*DATA UNDER STUDY*.
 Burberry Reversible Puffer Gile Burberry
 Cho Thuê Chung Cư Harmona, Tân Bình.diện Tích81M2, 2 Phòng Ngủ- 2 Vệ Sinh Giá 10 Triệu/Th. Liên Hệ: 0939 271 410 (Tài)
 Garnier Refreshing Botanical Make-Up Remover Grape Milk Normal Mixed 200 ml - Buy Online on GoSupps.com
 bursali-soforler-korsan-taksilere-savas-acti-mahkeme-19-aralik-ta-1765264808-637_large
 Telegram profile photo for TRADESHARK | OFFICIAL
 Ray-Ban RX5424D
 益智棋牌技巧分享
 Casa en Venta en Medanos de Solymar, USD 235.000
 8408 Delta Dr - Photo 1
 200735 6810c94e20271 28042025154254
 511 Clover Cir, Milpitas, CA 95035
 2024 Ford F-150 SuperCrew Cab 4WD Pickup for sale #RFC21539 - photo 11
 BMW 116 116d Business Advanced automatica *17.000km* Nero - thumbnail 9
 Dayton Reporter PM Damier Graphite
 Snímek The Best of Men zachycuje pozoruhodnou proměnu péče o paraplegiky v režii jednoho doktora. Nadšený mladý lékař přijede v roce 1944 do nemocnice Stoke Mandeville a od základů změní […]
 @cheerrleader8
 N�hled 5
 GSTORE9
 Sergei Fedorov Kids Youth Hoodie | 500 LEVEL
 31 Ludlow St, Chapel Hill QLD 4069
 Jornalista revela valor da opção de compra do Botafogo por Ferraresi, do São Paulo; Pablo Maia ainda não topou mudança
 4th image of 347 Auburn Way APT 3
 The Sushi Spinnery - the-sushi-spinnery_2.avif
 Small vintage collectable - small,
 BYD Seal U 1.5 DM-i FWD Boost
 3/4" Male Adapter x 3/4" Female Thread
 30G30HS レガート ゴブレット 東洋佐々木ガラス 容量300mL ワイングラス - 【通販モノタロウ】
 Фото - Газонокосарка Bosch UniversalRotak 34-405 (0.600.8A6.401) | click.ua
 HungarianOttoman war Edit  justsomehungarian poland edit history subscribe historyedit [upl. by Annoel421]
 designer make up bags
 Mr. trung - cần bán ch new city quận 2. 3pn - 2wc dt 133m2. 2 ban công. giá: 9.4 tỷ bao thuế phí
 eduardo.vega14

*TASK TO COMPLETE*.
From the entries above, give again exactly the lines running from the line with "Garnier Refreshing Botanical" to the line with "Dayton Reporter PM Damier Graphite"; include both of those lines.

*WRITTEN SOLUTION*.
 Garnier Refreshing Botanical Make-Up Remover Grape Milk Normal Mixed 200 ml - Buy Online on GoSupps.com
 bursali-soforler-korsan-taksilere-savas-acti-mahkeme-19-aralik-ta-1765264808-637_large
 Telegram profile photo for TRADESHARK | OFFICIAL
 Ray-Ban RX5424D
 益智棋牌技巧分享
 Casa en Venta en Medanos de Solymar, USD 235.000
 8408 Delta Dr - Photo 1
 200735 6810c94e20271 28042025154254
 511 Clover Cir, Milpitas, CA 95035
 2024 Ford F-150 SuperCrew Cab 4WD Pickup for sale #RFC21539 - photo 11
 BMW 116 116d Business Advanced automatica *17.000km* Nero - thumbnail 9
 Dayton Reporter PM Damier Graphite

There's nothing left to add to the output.